You can’t talk about punk rock without talking about Richard Hell. Television, the band he founded in 1973 with then best friend Tom Verlaine, was one of the groups – along with Blondie and the Ramones – that laid the foundation for the downtown scene at CBGBs. Sex Pistols impresario Malcolm McLaren purportedly looked at a poster of Television in 1974, pointed at Richard and said, “I want to start a band that looks like him.”

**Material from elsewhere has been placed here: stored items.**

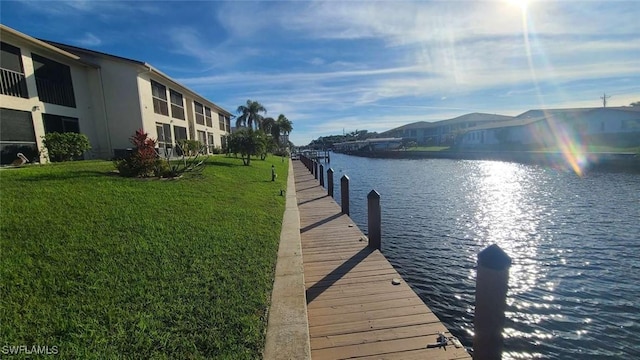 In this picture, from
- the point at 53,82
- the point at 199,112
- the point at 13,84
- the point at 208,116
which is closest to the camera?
the point at 13,84

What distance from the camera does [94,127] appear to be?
62.1ft

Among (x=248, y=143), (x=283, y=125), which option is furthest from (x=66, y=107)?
(x=283, y=125)

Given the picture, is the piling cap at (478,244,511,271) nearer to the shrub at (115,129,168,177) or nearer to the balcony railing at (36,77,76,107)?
the shrub at (115,129,168,177)

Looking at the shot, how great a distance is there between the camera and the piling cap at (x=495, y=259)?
2.98 m

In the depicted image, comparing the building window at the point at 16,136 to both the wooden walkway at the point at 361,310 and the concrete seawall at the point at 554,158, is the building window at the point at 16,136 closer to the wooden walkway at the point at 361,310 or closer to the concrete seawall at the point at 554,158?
the wooden walkway at the point at 361,310

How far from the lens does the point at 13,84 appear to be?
45.6 ft

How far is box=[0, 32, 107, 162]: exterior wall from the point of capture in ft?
46.7

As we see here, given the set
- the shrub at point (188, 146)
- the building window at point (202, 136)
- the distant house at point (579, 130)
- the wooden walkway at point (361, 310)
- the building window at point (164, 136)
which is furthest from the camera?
the distant house at point (579, 130)

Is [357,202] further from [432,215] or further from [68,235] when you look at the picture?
[68,235]

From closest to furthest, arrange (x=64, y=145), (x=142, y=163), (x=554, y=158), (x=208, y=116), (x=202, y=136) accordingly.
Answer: (x=142, y=163) < (x=64, y=145) < (x=554, y=158) < (x=202, y=136) < (x=208, y=116)

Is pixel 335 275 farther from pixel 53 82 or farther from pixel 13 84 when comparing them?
pixel 53 82

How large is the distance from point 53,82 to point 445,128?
9908 cm

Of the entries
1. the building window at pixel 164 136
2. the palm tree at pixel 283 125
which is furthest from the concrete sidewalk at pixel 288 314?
the palm tree at pixel 283 125

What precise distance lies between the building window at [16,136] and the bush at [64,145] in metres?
0.58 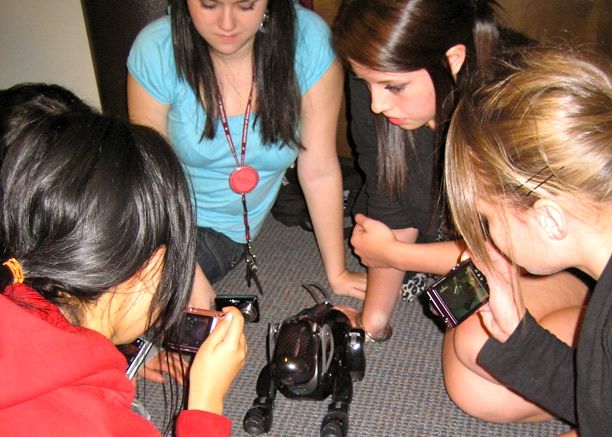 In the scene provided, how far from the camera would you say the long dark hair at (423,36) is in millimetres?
937

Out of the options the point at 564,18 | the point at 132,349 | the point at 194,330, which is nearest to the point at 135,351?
the point at 132,349

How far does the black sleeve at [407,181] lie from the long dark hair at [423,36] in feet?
0.43

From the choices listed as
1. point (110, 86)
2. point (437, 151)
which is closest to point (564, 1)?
point (437, 151)

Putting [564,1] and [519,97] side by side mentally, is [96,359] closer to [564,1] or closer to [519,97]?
[519,97]

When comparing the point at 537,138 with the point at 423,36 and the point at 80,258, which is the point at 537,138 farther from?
the point at 80,258

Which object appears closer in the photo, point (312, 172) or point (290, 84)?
point (290, 84)

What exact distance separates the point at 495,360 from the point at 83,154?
63 centimetres

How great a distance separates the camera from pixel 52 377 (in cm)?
62

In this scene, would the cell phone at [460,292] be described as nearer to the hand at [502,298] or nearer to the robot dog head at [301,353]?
the hand at [502,298]

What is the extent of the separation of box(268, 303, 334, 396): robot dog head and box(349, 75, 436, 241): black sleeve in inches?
12.2

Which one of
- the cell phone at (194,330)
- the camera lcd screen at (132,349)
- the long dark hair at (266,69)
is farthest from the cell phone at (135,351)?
the long dark hair at (266,69)

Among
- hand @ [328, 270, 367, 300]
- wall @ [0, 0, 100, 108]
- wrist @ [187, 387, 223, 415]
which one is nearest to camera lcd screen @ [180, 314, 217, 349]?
wrist @ [187, 387, 223, 415]

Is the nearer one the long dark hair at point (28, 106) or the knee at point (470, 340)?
the long dark hair at point (28, 106)

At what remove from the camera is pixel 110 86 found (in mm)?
1665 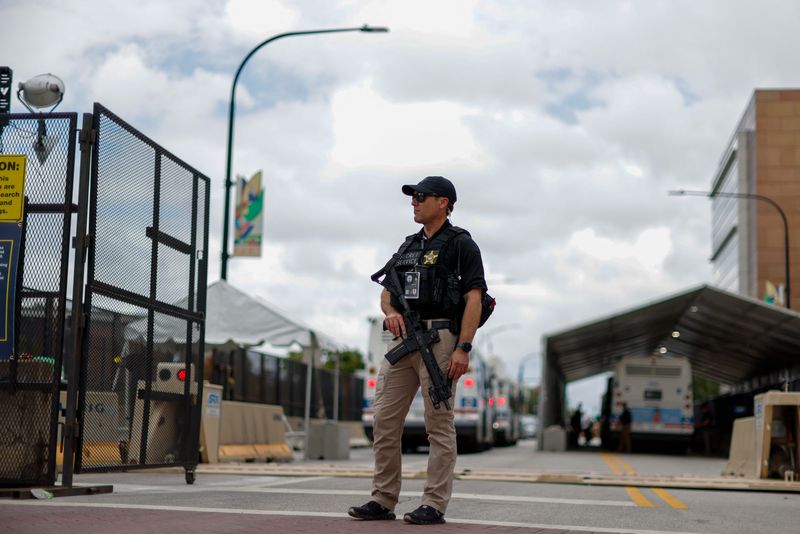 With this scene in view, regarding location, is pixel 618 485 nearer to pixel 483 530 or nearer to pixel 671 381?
pixel 483 530

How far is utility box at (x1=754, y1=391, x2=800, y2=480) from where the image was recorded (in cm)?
1502

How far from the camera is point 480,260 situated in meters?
7.30

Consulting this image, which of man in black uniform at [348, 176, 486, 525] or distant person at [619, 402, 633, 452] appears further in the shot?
distant person at [619, 402, 633, 452]

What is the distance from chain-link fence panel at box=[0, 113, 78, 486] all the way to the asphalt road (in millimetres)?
654

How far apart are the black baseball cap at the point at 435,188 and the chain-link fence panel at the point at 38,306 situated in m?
3.25

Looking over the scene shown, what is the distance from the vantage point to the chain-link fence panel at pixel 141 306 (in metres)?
9.24

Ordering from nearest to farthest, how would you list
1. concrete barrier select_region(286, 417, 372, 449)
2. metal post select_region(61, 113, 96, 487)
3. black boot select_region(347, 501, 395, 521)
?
black boot select_region(347, 501, 395, 521)
metal post select_region(61, 113, 96, 487)
concrete barrier select_region(286, 417, 372, 449)

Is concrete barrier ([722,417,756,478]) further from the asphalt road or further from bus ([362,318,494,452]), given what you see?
bus ([362,318,494,452])

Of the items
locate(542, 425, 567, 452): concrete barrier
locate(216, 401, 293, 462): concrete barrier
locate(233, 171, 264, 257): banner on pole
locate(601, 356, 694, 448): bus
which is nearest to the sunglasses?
locate(216, 401, 293, 462): concrete barrier

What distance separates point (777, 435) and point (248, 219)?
1149cm

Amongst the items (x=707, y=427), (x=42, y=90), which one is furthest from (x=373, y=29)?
(x=707, y=427)

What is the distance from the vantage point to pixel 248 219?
22688mm

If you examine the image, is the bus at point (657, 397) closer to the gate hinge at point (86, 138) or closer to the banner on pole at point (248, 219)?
the banner on pole at point (248, 219)

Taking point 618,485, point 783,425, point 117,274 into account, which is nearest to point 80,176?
point 117,274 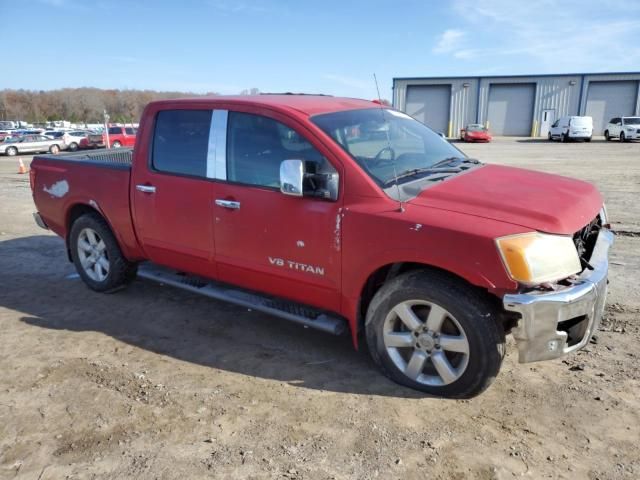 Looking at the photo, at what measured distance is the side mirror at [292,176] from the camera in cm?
337

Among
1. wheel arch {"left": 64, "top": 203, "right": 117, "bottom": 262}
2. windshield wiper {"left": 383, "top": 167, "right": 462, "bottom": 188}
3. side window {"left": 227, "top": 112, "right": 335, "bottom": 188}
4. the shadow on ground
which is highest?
side window {"left": 227, "top": 112, "right": 335, "bottom": 188}

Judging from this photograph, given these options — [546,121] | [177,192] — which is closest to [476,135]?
[546,121]

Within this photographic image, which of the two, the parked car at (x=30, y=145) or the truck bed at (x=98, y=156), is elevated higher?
the truck bed at (x=98, y=156)

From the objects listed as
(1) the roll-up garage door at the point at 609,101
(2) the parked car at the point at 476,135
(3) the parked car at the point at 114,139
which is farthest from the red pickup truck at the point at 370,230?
(1) the roll-up garage door at the point at 609,101

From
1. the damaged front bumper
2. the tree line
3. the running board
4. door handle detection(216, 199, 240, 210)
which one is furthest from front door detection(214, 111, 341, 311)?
the tree line

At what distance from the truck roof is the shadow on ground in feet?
6.12

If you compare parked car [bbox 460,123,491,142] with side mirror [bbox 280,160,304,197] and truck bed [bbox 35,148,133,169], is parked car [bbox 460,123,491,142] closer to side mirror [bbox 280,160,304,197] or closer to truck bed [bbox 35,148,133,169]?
truck bed [bbox 35,148,133,169]

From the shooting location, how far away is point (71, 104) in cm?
9806

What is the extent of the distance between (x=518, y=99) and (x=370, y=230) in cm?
4627

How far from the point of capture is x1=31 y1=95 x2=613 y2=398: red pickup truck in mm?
2951

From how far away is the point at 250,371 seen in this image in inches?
148

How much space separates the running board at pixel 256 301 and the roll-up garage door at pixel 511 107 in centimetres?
4524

With his chopped hair and ripped-up shirt, Hell looked like nobody else. And with his kinetic, jangly stage presence and slinky bass, he sounded like nobody else. “Richard had some charisma you can’t buy in a store and apply to yourself like a cream,” recalled Television guitarist, Richard Lloyd. ”He had ‘it,’ the inimitable ‘it,’ the mysterious ‘it.’ His loopy bass lines were cartoonish in their wonderment; he was fantastic.”

Not everyone in the band agreed and Richard left to join the Heartbreakers with Johnny Thunders in 1975. But sharing stage and song time with Thunders seemed like a Television rerun for Hell: “I wanted to try something quicker, more strange than the stuff Johnny wanted,” he said. Read more…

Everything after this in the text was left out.